Satu tahun bekerja di Hong Kong, Nessa memutuskan untuk tidak melanjutkan kontraknya, memilih pulang ke kampung halamannya di Wonosobo, Jawa Tengah. “Awalnya, majikan saya itu baik sekali. Setelah usahanya bangkrut, majikan saya yang laki-laki jadi stres. Kalau pulang ke rumah, dia suka mukulin istrinya dan saya,” kata Nessa.
“Waktu jadi TKW di Hong Kong, saya digaji sebesar Rp 3,5 juta. Ketika menjadi penyiar, saya hanya diberi Rp 500 ribu saja. Tentu saja tidak cukup,” beber Nessa. Tidak puas dengan itu, Nessa memutuskan menjadi TKW lagi di tahun 2007. Kali ini, ia bekerja sebagai pengasuh di Singapura.

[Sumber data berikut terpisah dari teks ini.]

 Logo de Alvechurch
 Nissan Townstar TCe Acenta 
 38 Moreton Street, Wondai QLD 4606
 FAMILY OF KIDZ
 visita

Alhamdulillah, saya mendapat majikan yang baik. Ketika kakek (di Singapura, Nessa menjadi pengasuh seorang kakek) meninggal, saya tetap dipercaya keluarga kakek untuk menjadi pembantu rumah tangga di keluarganya yang lain,” ucap Nessa.
Dibelikan Laptop
Empat tahun bekerja di Singapura, anak ke empat dari sembilan bersaudara ini bersyukur karena ia tidak pernah mengalami kekerasan. Bahkan, ia diberi kebebasan untuk menggunakan komputer setelah pekerjaannya selesai.“Bukan main senang hati ini ketika bisa menggunakan komputer yang saya pergunakan untuk mengasah kembali kemampuan menulis. Awalnya, majikan saya berpikir kalau saya main games di laptop. Ketika mengetahui bahwa saya menggunakan laptop untuk menulis, dia terkejut dan akhirnya membelikan saya laptop,” kenang Nessa, tersenyum.

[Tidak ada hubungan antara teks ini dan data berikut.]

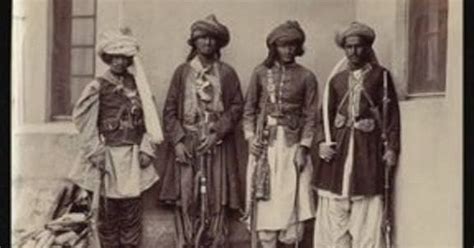 Full History Of Pashtun Kings Afghan Pashtun Pakhton Pathan Khan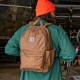 21L Classic Laptop Daypack - 2 Colours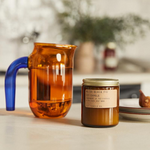 Black Fig - Standard Soy Candle 7.2oz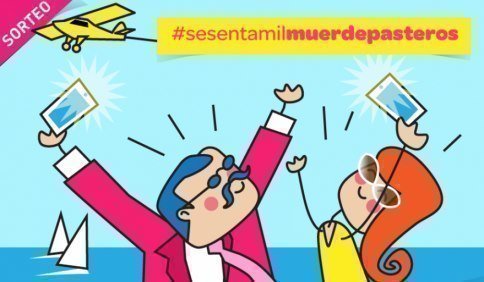 sorteo-de-cenas-y-comidas-gratis-de-muerde-la-pasta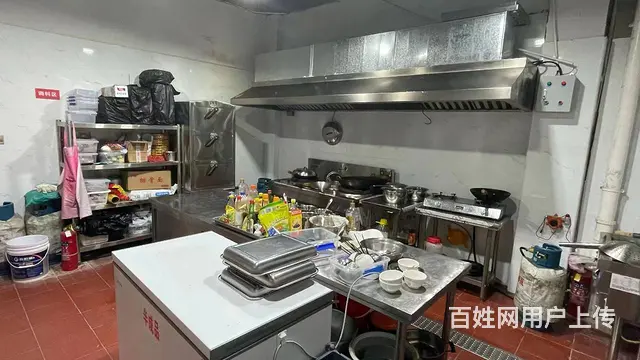 （51旺铺推荐）天涯区马岭360平临近独栋别墅转让 - 图片 2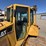 2006-caterpillar-d6n-image-25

Jalannya menjadi penulis kian mulus setelah mengikuti lomba cerpen Bilik Sastra yang diadakan oleh RRI Voice of Indonesia di Singapura.“Hadiah yang saya dapatkan adalah kesempatan bertemu Presiden RI dan mengikuti upacara kenegaraan HUT RI ke-66 di Istana Negara atas undangan Ibu Ani SBY. Tentu saja saya terharu dan bangga, karena selama menjadi TKW tidak pernah ikut upacara. Jadi, waktu saya menghadiri upacara atas undangan Ibu presiden, sesuatu yang sangat menakjubkan,” ucap Nessa, bahagia.

Setelah itu, Nessa diundang diundang oleh Janet, warga negara asal Australia untuk terlibat dalam Ubud Writers and Readers Festival pada 5-9 Oktober 2011 di Ubud, Bali. “Suatu kehormatan bagi saya bisa bergabung dengan penulis terkenal, baik di dalam maupun luar negeri. Siapa sangka jika seorang pembantu menjadi pembicara di depan orang terkenal, baik dalam maupun mancanegara. Pastinya, saya deg-degan karena bertemu banyak orang dan berkomunikasi dengan bahasa Inggris. Tahu sendiri kan, bahasa Inggris TKW itu seperti apa. Ketika berbicara dengan gaya bahasa sendiri, sambutan mereka luar biasa. Bahkan, mereka kaget dengan latar belakang saya sebagai TKW tapi mampu berkarya,” papar Nessa. Hingga saat ini, Nessa rajin menulis di blog pribadinya yang diberi judul Babu Juga Bisa Nulis.